Image-caption web data
◇ ◇ ◇ ◇ ◇ ◇ ◇

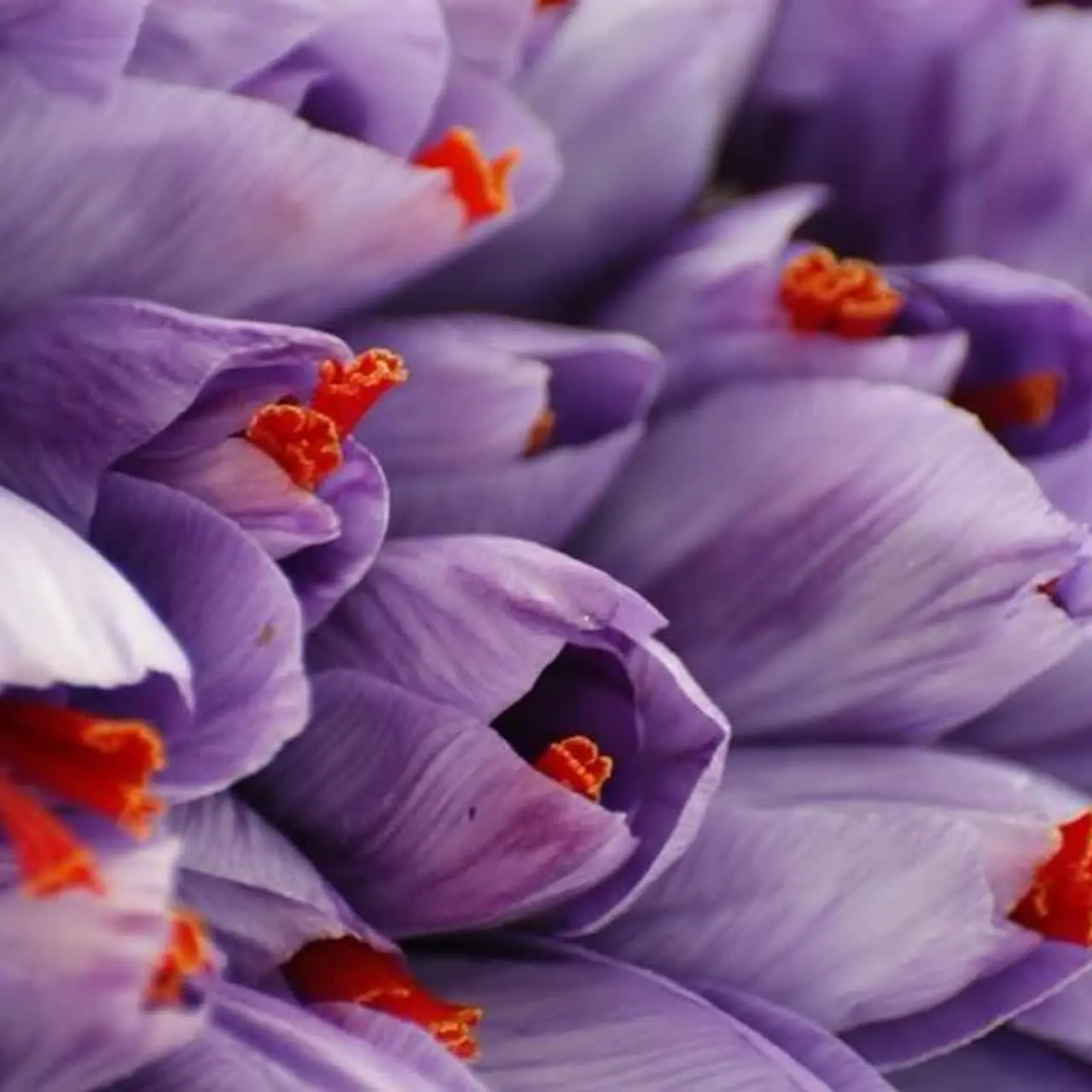 🌹سوغات مشهد 🌹
 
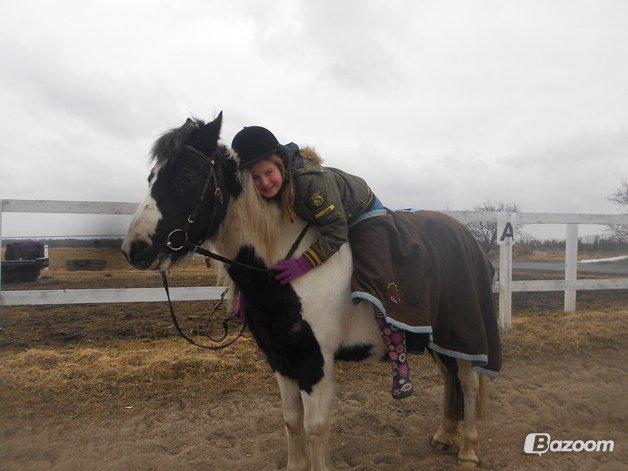 Pinto Prins billede 5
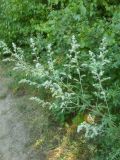 Artemisia vulgaris. Плодоносящее растение. Республика Молдова, муниципалитет Кишинёв, г. Кодру, пустырь. 1 августа 2026 г.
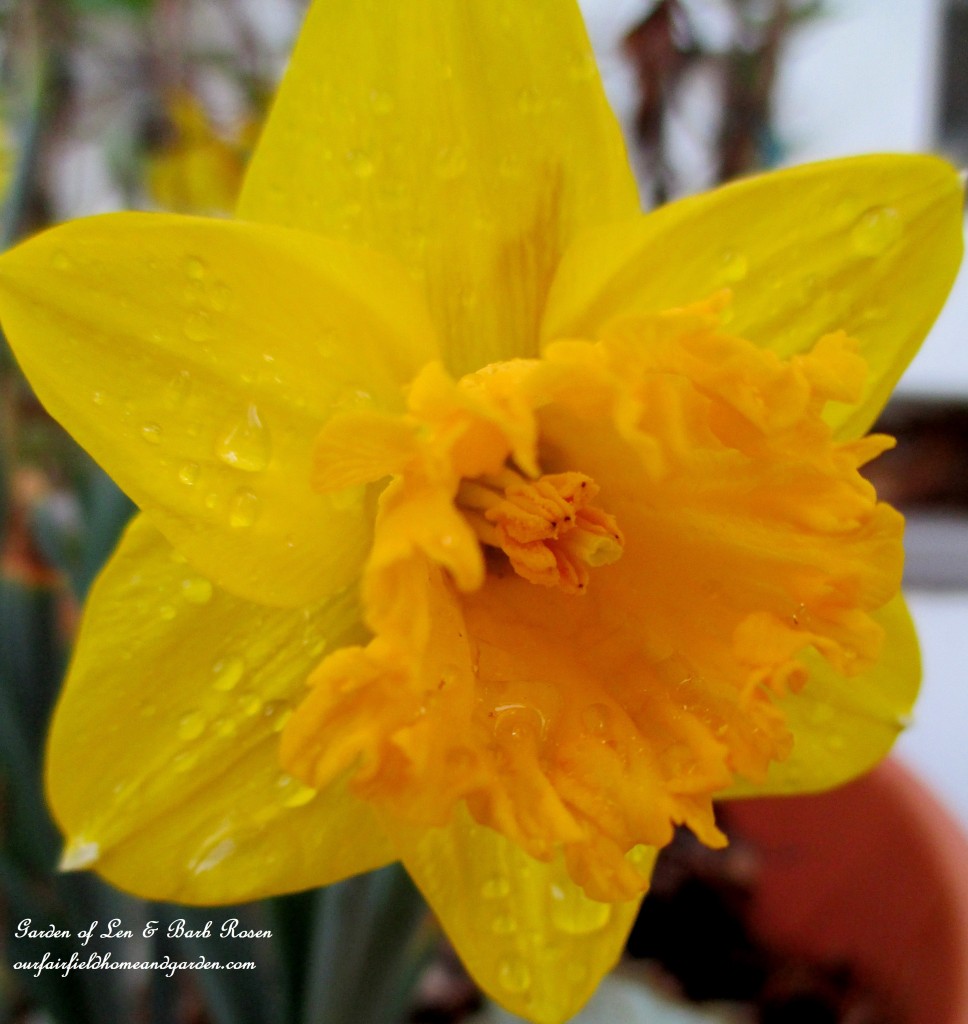 Daffodil fresh from the rain https://lolajack-global.jp.net/mid-april-spring-blooms-in-the-garden/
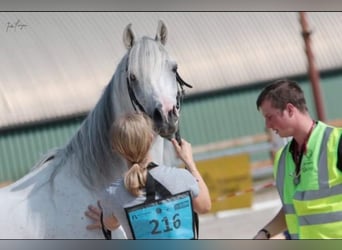Arabian horses, Stallion, 12 years, 15,2 hh, Grey-Fleabitten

◇ ◇ ◇ ◇ ◇ ◇ ◇

**What is needed**. Give back every record above word for word, dropping pictures.

**Result for this task**.
 🌹سوغات مشهد 🌹
 
 Pinto Prins billede 5
 Artemisia vulgaris. Плодоносящее растение. Республика Молдова, муниципалитет Кишинёв, г. Кодру, пустырь. 1 августа 2026 г.
 Daffodil fresh from the rain https://lolajack-global.jp.net/mid-april-spring-blooms-in-the-garden/
Arabian horses, Stallion, 12 years, 15,2 hh, Grey-Fleabitten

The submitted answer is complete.